## About this task
In the records below, repeat word for word only the lines starting at the one that contains "Schlafsofa Artikelbild 1" and ending at the one that contains "2/146 Puhinui Road Papatoetoe_2", pictures excluded.

## Supplied material
========
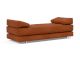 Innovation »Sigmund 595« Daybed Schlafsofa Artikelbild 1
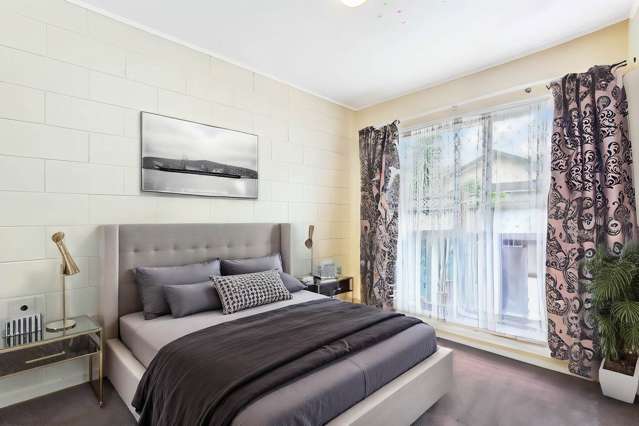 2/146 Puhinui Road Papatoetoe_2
========
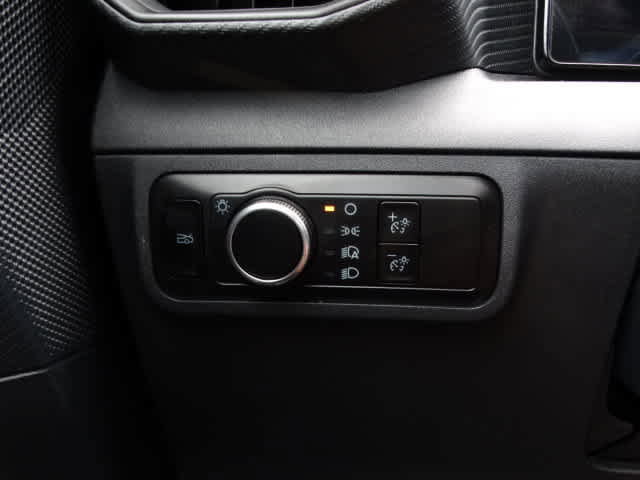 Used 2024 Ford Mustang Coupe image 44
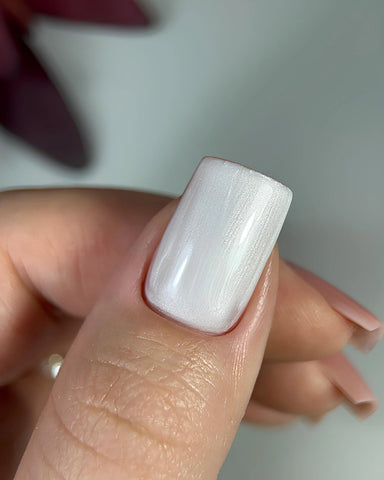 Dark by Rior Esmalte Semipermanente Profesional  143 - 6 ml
========
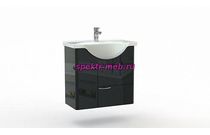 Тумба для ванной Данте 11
========
## Written solution
 Innovation »Sigmund 595« Daybed Schlafsofa Artikelbild 1
 2/146 Puhinui Road Papatoetoe_2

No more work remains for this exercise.